1997-10-17 - Marutukku - cryptographic filing system

Header Data

From: Julian Assange <proff@iq.org>
To: cypherpunks@toad.com
Message Hash: 8db4ebe162fa25a233d39963b1cfec27f94757171be4a3e5979b79a8c387cf73
Message ID: <19971017123313.25514.qmail@iq.org>
Reply To: N/A
UTC Datetime: 1997-10-17 12:56:52 UTC
Raw Date: Fri, 17 Oct 1997 20:56:52 +0800

Raw message

From: Julian Assange <proff@iq.org>
Date: Fri, 17 Oct 1997 20:56:52 +0800
To: cypherpunks@toad.com
Subject: Marutukku - cryptographic filing system
Message-ID: <19971017123313.25514.qmail@iq.org>
MIME-Version: 1.0
Content-Type: text/plain




Marutukku (my cryptographic file system/block device) is due for first
beta sometime next week. Before release, I'd like some (strong!)
criticism of the sub key generation / chaining techniques I'm
using. But first, for those who haven't a frigging clue what Marutukku
is, here is a hastily drawn non-cryptographic (more about that later)
features list:

	o OS independent (excepting two files pertaining only to the
          kernel drivers)

	o Currently implemented as a 4.4bsd (Free/Net/OpenBSD)
	  loadable kernel module, and client (I have someone working
          on the Linux port, but no promises).

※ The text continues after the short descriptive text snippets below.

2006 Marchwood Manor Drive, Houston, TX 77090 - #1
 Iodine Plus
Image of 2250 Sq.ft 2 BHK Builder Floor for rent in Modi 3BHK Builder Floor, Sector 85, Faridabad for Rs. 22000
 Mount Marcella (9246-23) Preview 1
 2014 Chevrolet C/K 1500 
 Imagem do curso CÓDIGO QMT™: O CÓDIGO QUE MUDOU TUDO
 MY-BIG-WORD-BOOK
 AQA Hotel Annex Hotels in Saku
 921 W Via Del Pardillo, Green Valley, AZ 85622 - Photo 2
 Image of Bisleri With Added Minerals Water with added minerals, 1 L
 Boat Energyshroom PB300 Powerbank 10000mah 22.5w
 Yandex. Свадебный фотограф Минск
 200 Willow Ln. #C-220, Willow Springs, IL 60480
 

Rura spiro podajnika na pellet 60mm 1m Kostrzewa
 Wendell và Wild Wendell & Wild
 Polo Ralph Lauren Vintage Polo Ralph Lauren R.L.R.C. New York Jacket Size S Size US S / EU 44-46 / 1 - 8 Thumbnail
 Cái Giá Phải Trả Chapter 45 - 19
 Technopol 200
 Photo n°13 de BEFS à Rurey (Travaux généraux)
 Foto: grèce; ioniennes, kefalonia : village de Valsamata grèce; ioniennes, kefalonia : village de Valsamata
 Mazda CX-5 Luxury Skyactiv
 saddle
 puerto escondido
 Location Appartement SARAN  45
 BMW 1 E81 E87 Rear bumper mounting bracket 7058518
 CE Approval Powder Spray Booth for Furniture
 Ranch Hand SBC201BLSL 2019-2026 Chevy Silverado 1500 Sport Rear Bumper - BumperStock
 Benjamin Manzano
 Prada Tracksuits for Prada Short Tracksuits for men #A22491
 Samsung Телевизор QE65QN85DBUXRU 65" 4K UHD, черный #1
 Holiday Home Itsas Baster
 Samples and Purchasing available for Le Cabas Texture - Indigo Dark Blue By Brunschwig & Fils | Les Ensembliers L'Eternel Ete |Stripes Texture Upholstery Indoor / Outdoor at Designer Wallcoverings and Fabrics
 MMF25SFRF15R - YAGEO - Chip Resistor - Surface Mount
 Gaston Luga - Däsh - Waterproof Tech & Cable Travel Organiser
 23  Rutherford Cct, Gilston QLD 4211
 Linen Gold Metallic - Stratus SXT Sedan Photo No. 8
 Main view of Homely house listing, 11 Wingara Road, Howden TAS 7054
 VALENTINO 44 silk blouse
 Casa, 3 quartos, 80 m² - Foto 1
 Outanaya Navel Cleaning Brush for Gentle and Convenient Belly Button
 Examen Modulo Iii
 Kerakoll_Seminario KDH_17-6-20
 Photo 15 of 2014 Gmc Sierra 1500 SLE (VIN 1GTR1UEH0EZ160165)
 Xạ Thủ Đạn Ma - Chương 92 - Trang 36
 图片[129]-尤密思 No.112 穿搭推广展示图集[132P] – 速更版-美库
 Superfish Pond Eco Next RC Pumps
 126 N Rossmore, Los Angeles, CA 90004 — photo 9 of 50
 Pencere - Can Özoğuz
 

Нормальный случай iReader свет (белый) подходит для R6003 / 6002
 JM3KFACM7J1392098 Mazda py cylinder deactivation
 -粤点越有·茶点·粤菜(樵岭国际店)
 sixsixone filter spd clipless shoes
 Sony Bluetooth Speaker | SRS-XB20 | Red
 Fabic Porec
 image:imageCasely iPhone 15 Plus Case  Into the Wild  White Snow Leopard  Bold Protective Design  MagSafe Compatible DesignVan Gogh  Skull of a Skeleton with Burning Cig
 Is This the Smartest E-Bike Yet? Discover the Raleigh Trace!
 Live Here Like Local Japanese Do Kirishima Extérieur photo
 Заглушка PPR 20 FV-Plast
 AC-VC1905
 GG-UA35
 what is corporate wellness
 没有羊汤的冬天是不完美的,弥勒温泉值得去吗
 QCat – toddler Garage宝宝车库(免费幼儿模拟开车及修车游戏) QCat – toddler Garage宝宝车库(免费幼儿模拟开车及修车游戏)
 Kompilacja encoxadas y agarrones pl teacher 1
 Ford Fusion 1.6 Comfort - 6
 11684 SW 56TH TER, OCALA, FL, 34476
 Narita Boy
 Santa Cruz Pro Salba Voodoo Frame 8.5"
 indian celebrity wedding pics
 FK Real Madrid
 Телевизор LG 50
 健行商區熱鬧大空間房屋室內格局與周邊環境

	o The BSD implementation turns a file (even an NFS mounted
	  file) into a device, on which any number of file systems
          types can be created in the regular manner (or even a swap
          partition ;)

	o Endian independent - Marutukku extents (the ciphertext
	  regions) can be mailed around like .tar files

	o various backup/recovery/whole extent encryption/decrypt
	  functions built into the client

Marutukku supports a variety of ciphers, and the cipher used for the
lattice (which is used to generate sub-keys for each file-system
block) generation is independent from the cipher used for block
functions. At the moment it only makes sense to talk of the lattice
generator in terms of a stream cipher or a block cipher/hash algorithm
in OFB. My design principles along the way have attempted as far as
possible to cover as yet unknown vulnerabilities in the under-laying
ciphers used with good management of IV's, salts, sub-keys, chaining
etc.  Some of these steps may pose no additional security in relation
to certain attacks (i.e secret vs public IV's) on particular ciphers
but most come at little cost compared to the encryption itself.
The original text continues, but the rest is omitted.